Larry Derfner
The Jewish Daily Forward (Opinion)
February 5, 2013 - 1:00am
http://forward.com/articles/170496/who-are-the-israeli-centrists-and-why-did-the...


People overseas don’t understand the amazing success of Yair Lapid in Israel’s January 22 parliamentary elections. He hardly said a word about the Palestinians, the peace process, terrorism, war — all those things that Israelis are supposedly preoccupied with every waking minute.

But I understand. For the past 15 years, I’ve been living in the hardcore of Lapidism, surrounded by it. Modi’in, a sparkling but sterile-looking, monotonously beige bedroom community of 80,000 midway between Jerusalem and Tel Aviv, built in 1996, smack up against the Green Line, is one of 21 prosperous towns that gave a plurality of votes (in our case, 27%) to Lapid’s party, Yesh Atid (There Is a Future). But with all due respect to Tel Aviv, Herzliya, Kfar Saba and Lapid’s other strongholds, I believe Modi’in represents Lapidism at its strongest.
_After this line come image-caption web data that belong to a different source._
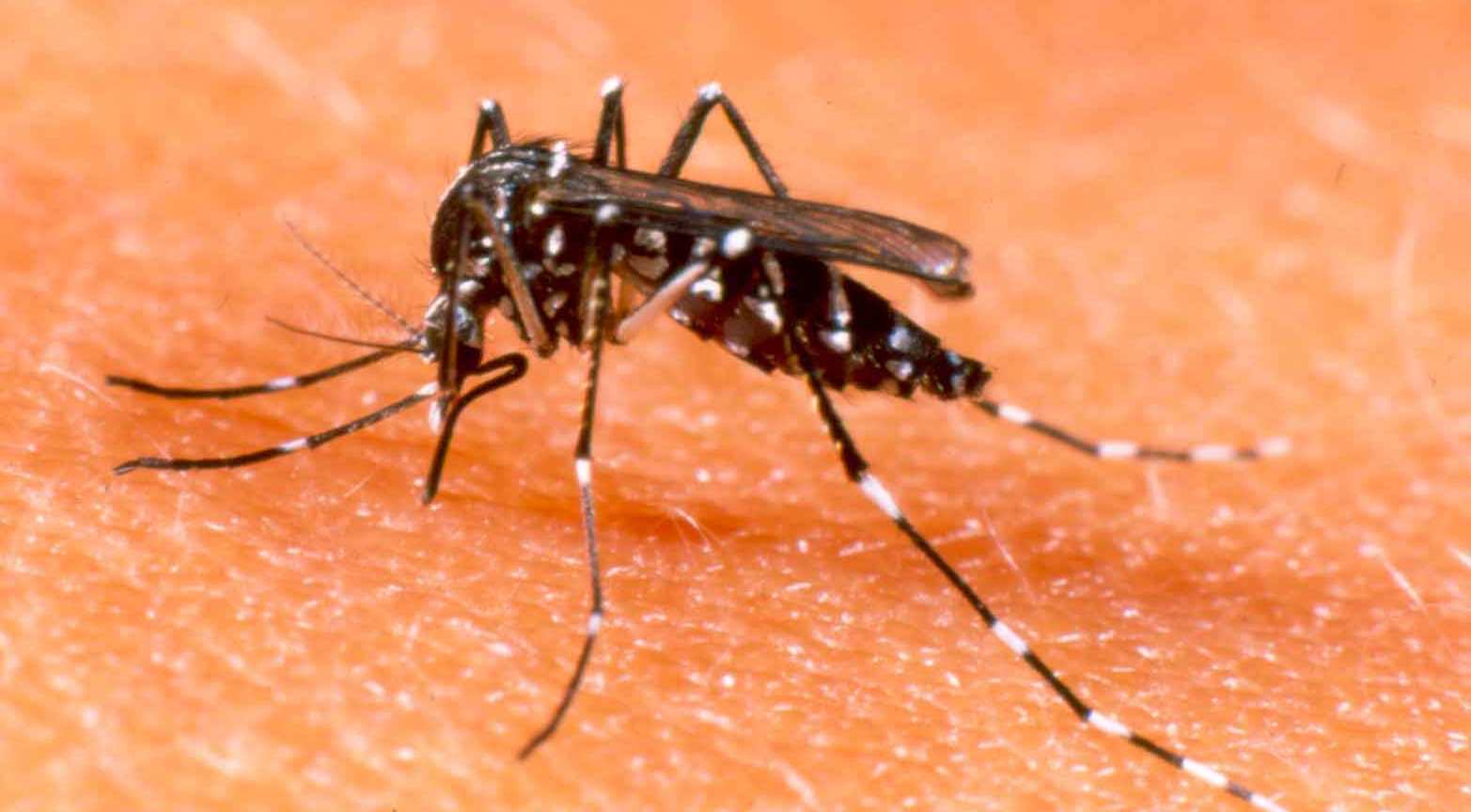 dengue_mosquito_vacina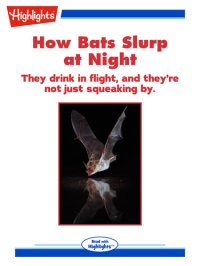 cover of the book How Bats Slurp at Night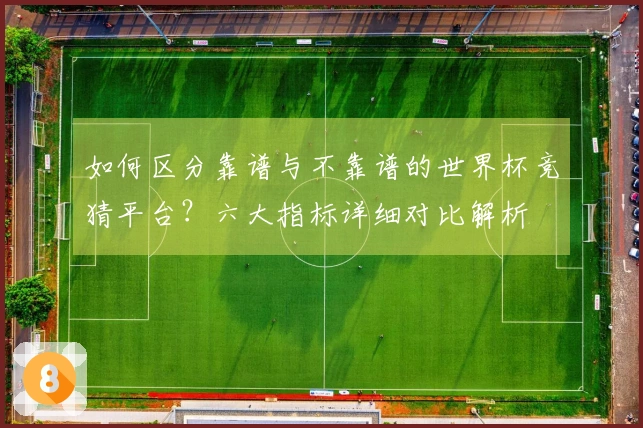 如何区分靠谱与不靠谱的世界杯竞猜平台？六大指标详细对比解析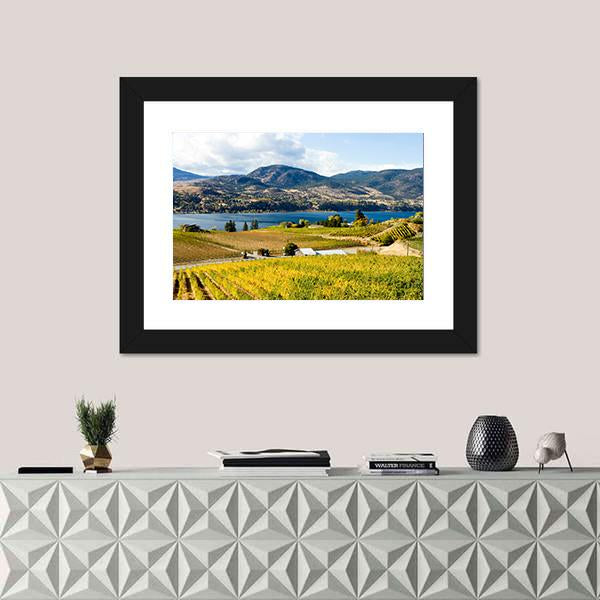 View Of Grape Vineyards In Canada Canvas Wall Art-1 Piece-Framed Print-20" x 16"-Tiaracle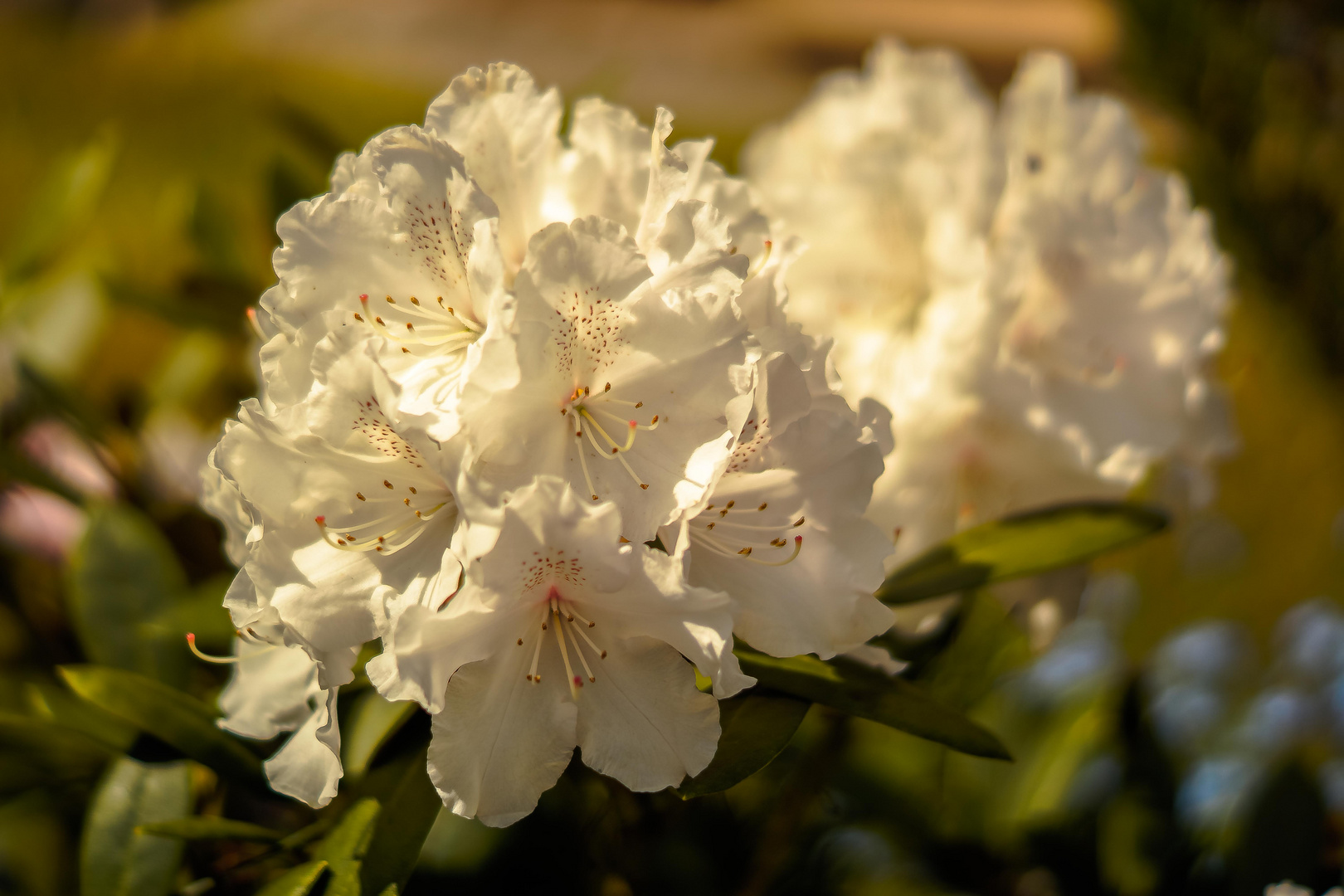 Blüte im Garten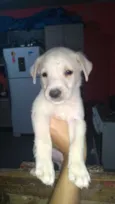 Bernardo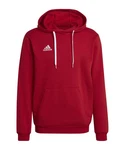 adidas Performance Sweatshirt Entrada 22 Hoody 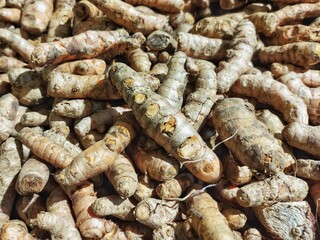 pile of ginger for traditional drinks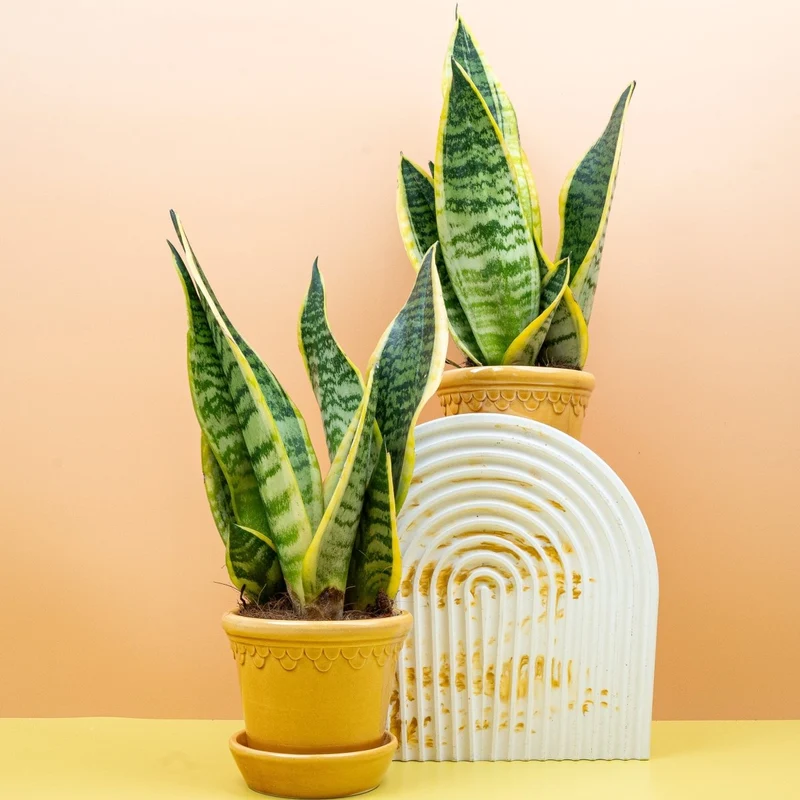 SANSEVIERIA FUTURA SUPERBA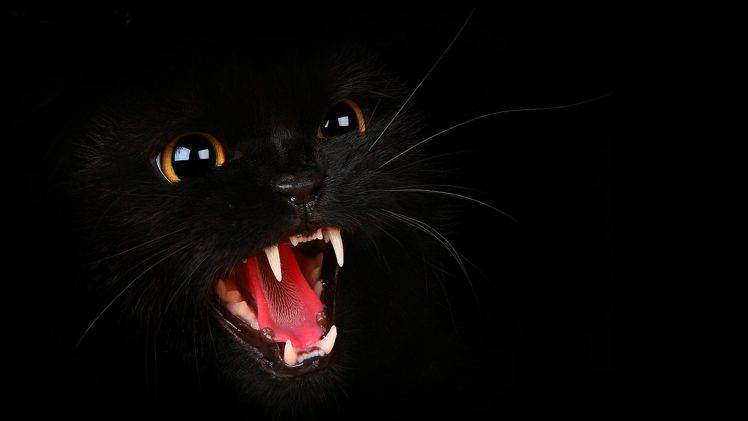 cat, Black Cats, Animals, Open Mouth HD Wallpaper Desktop Background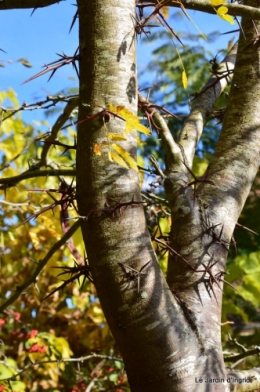 jardin automne ,travaux feuilles 028.JPG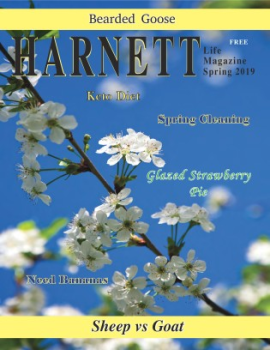 Harnett Life Spring 2019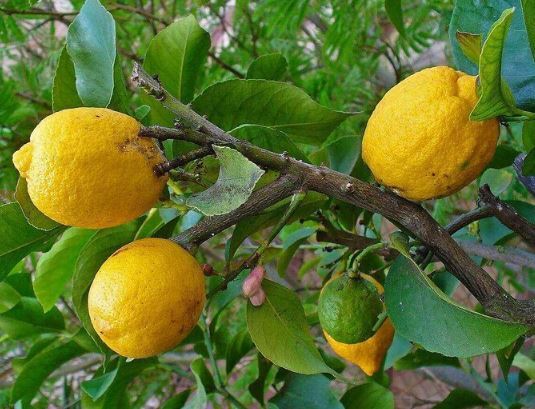 مربای بالنگ طعمی دلنشین و نوستالژی که طرفدارش می‌شی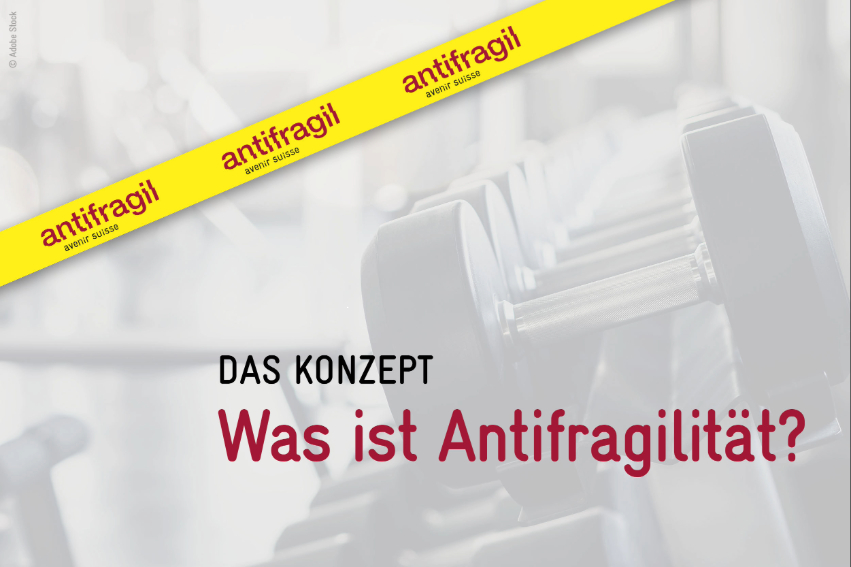 Das Konzept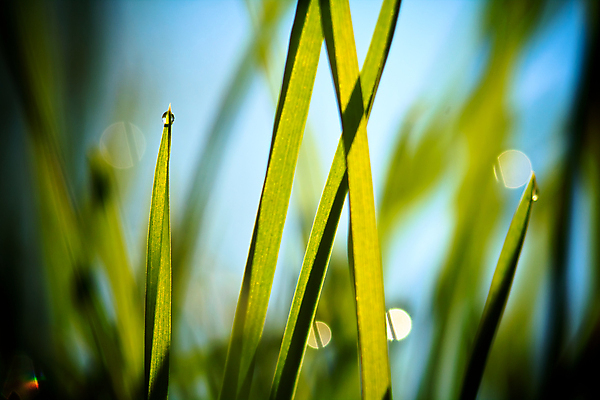 포토 JPG 해외이미지 식물 공원 백그라운드 잎 밭 농업 자연 하늘 아침 날씨 추상 건강 잔디 사람없음 야외 초록색 물 파란색 햇빛 태양 반사 환경 정원 봄 젖음 성장 신선 액체 칼날 떨어짐 작음 밀 빗방울 내추럴 블러 해외202004 해외포토 주간 자연요소 계절 공공시설 산업 컬러 컨셉 무늬 곡류 비_날씨 크기 생태계 파일형식 이미지허브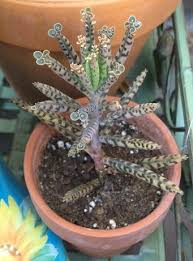 What are the main differences between mother of thousands and millions? Mother Of Thousands Or Mother Of Millions Succulent Plant Care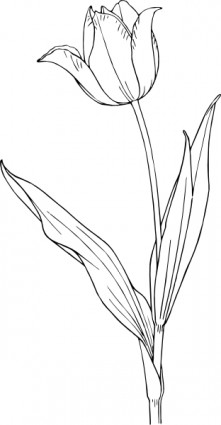 clip art de tulipán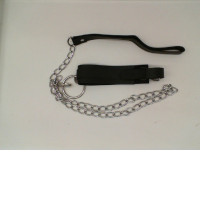 Black dog leash 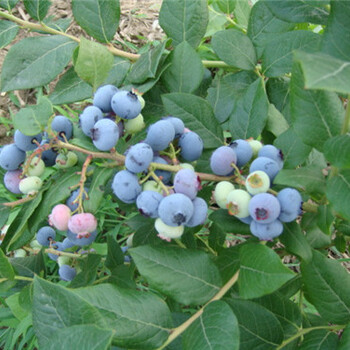 圆蓝蓝莓苗认为因素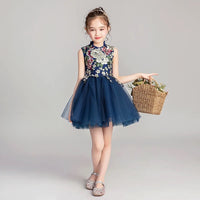 Royal blue embroidery flower girl dress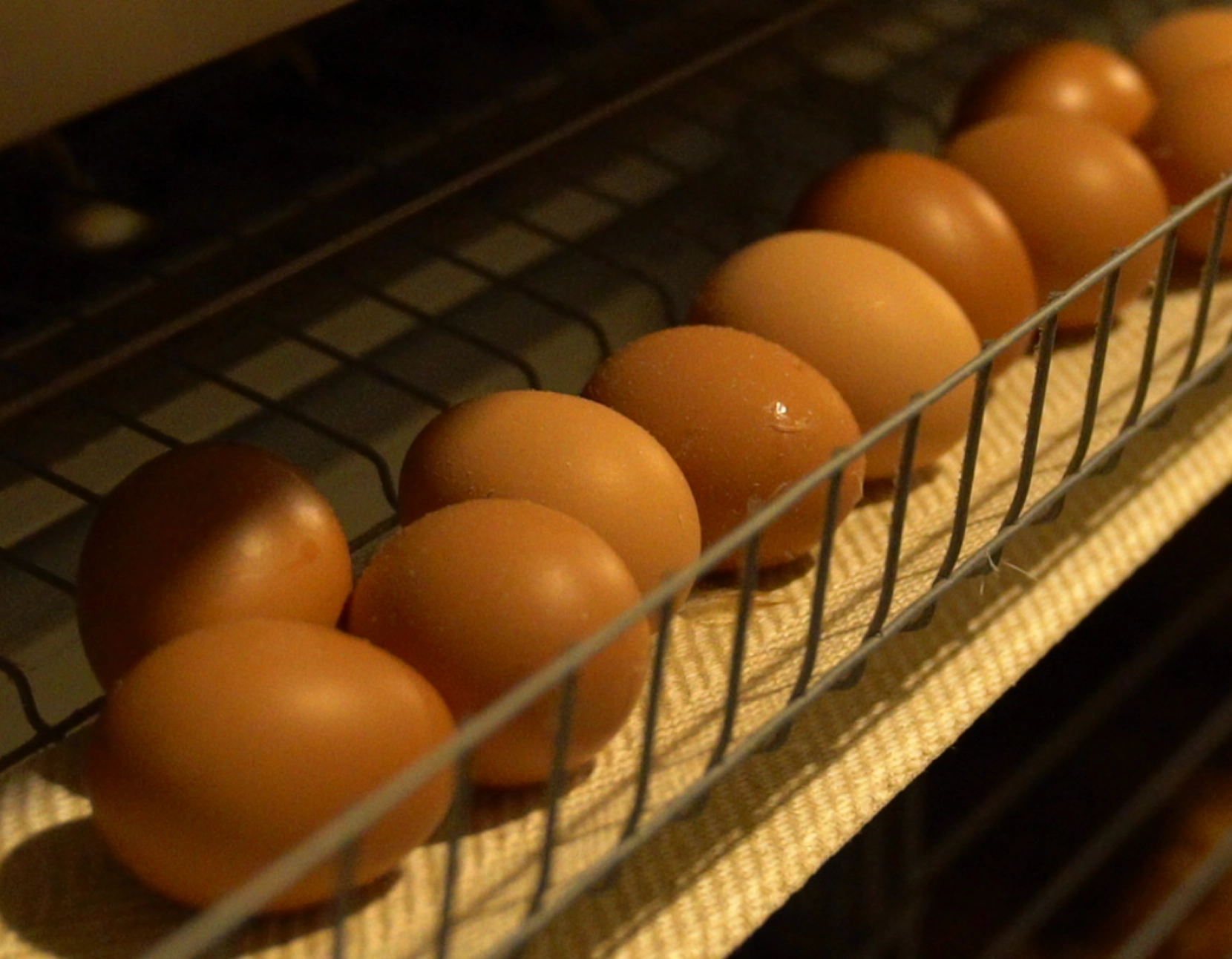Fresh Eggs Stored In A Wire Basket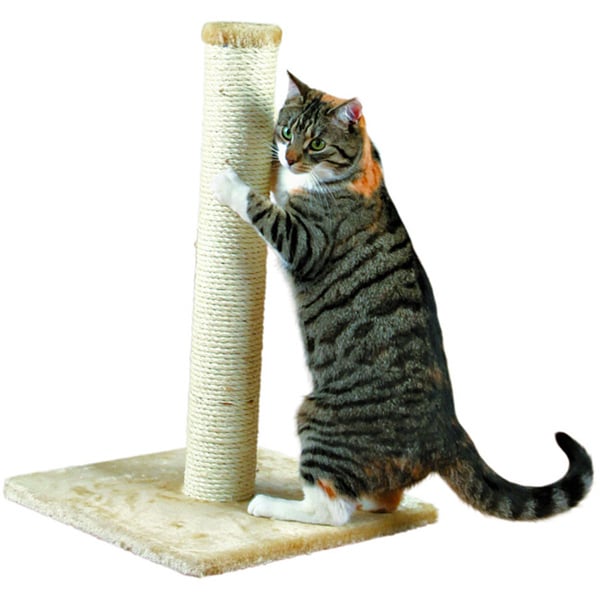 Trixie Pet Products Parla Cat Scratching Post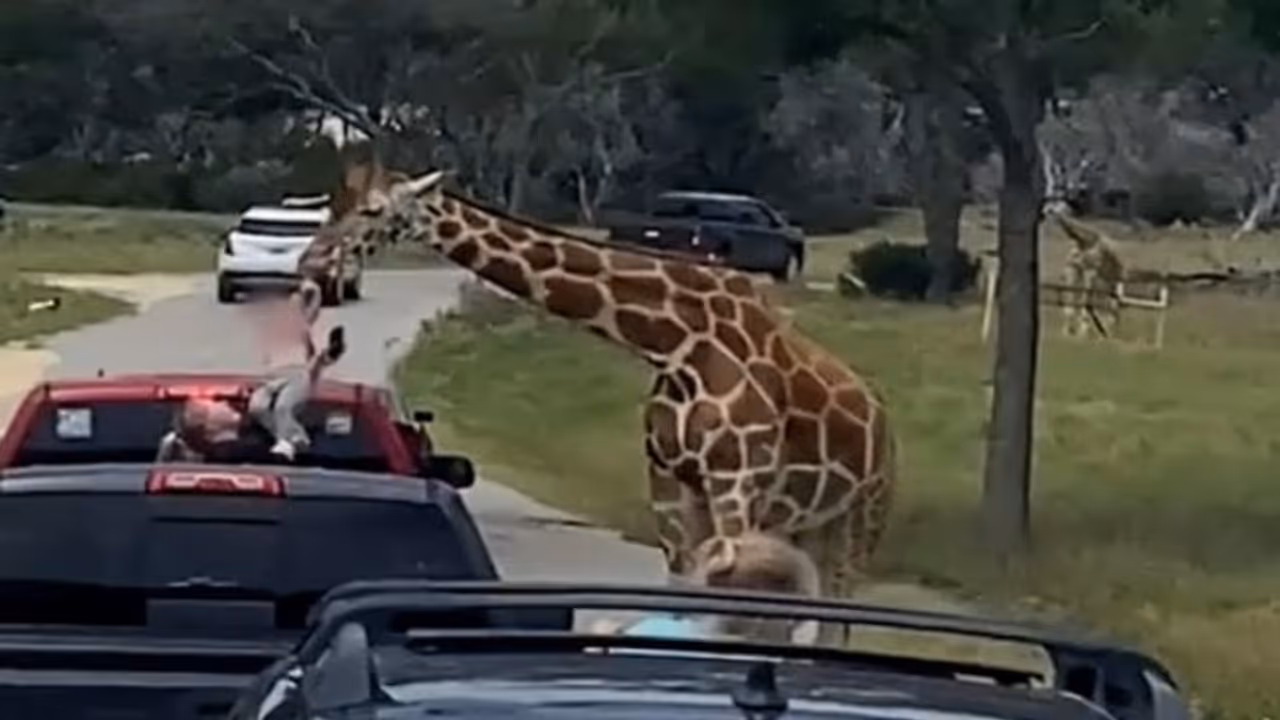 തുറന്ന ട്രെക്കിൽ പാർക്ക് കാണാനെത്തിയ 2 വയസുകാരിയെ കടിച്ചുയർത്തി ജിറാഫ്, വീഡിയോ തുറന്ന ട്രെക്കിൽ പാർക്ക് കാണാനെത്തിയ 2 വയസുകാരിയെ കടിച്ചുയർത്തി ജിറാഫ്, വീഡിയോ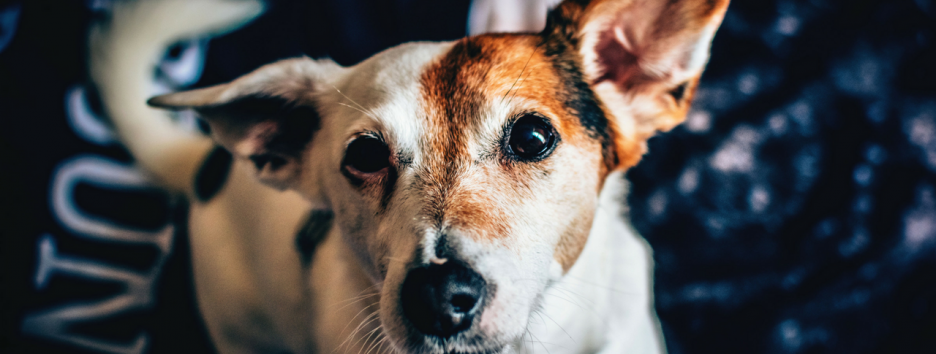 Собаки действительно понимают, что вы им говорите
We’re as middle class as any of those 20 other towns, but the people here are younger, mainly in their 30s, not rich like Lapid’s pluralities in Caesarea, Savyon and Kfar Shmaryahu. So when he talks about the high cost of housing and about the burden of army service that falls on the middle class, it falls harder here. “We both work, we have two kids, the mortgage is choking us to death, we barely finish the month…. Yes, my husband does army reserve,” said “Anat,” a psychological counselor and Lapid voter in her early 30s, shopping in Modi’in’s sleek, glass-enclosed mall. “He touched on all the sensitive issues in our lives.” (None of the interviewees are being identified by name; they’re my neighbors, and this is not going to be an entirely flattering picture of the community.)

The other issue Lapid talked about was, of course, the ultra-Orthodox, the Haredim, and how they’re being supported and protected by all the people who do what they, in the main, don’t: serve in the army and work for a living. Resentment of the Haredim, not to say fear and loathing of them, is the one political passion that seems to animate the folks around here. Last summer they got upset over how the Haredim from Modi’in Illit, the giant settlement on the other side of the Green Line, were “taking over” our biggest park. And when the mayor of Modi’in Illit said the settlement’s new archaeological site, an excavated Second Temple-era agricultural village, “will be open only to the ultra-Orthodox public… without the distortions and disruptions of other places, where there is fear of hearing false opinions,” the mayor of our town retaliated during Sukkot by barring entry to the park to anyone whose national identification card didn’t list a Modi’in address.

But that was just the latest example. From day one, Modi’in has made a point of having no Haredi neighborhoods, and every time a news item or rumor went out that some Haredi operator had his eye on a vacant hill for a new ultra-Orthodox neighborhood, the

municipality would publicize an opinion poll showing that if a Haredi neighborhood were built in the city, 114% of the residents would move out. This is an overwhelmingly secular town, and people don’t want streets to be blocked off on the Sabbath; they don’t want Haredi poverty and crowding and yeshivas, and they don’t like sending their kids to the army when the Haredim don’t. Modi’in consistently has the highest rate of conscripts and combat soldiers of any Israeli town.

“I have two children who served in the army, my daughter was an officer, and they don’t even start college until they’re in their early 20s. I don’t see why the Haredim can’t do the same,” said “Esti,” a business consultant in her mid-50s who voted for Lapid. “He strikes me as a lounge lizard,” she acknowledged, “but he understands what’s important to people, and I liked a lot of the candidates he put on his Knesset slate.”